▸ **WORK ITEM**
Each line below that holds the word "Pack" counts toward the answer; reply with the total number only.

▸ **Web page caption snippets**

=-=-=-=-=

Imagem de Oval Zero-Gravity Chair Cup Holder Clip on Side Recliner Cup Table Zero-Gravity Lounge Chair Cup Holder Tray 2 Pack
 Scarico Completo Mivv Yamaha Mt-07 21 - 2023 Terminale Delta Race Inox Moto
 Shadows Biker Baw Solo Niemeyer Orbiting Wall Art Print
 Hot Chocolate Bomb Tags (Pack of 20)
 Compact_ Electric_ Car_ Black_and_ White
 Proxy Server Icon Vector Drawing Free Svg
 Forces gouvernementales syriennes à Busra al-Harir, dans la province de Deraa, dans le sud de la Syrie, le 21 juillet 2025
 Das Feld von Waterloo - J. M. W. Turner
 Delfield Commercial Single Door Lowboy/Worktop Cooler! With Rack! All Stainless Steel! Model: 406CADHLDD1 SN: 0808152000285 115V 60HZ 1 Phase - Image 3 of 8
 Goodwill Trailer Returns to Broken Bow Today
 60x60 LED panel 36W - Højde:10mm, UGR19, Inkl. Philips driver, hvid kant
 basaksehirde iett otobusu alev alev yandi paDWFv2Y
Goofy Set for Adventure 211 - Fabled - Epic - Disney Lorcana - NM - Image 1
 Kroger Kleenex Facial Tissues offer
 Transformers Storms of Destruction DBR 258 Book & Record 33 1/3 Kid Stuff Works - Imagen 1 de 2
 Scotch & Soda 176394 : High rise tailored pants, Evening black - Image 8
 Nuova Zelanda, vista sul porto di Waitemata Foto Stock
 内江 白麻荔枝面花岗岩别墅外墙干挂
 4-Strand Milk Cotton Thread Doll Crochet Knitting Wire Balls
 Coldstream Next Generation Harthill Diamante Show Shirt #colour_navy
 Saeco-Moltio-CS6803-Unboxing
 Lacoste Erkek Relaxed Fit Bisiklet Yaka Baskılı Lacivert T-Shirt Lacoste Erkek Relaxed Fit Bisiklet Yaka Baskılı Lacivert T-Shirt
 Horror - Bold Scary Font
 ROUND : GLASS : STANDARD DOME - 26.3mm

=-=-=-=-=

▸ **ANSWER SECTION**
2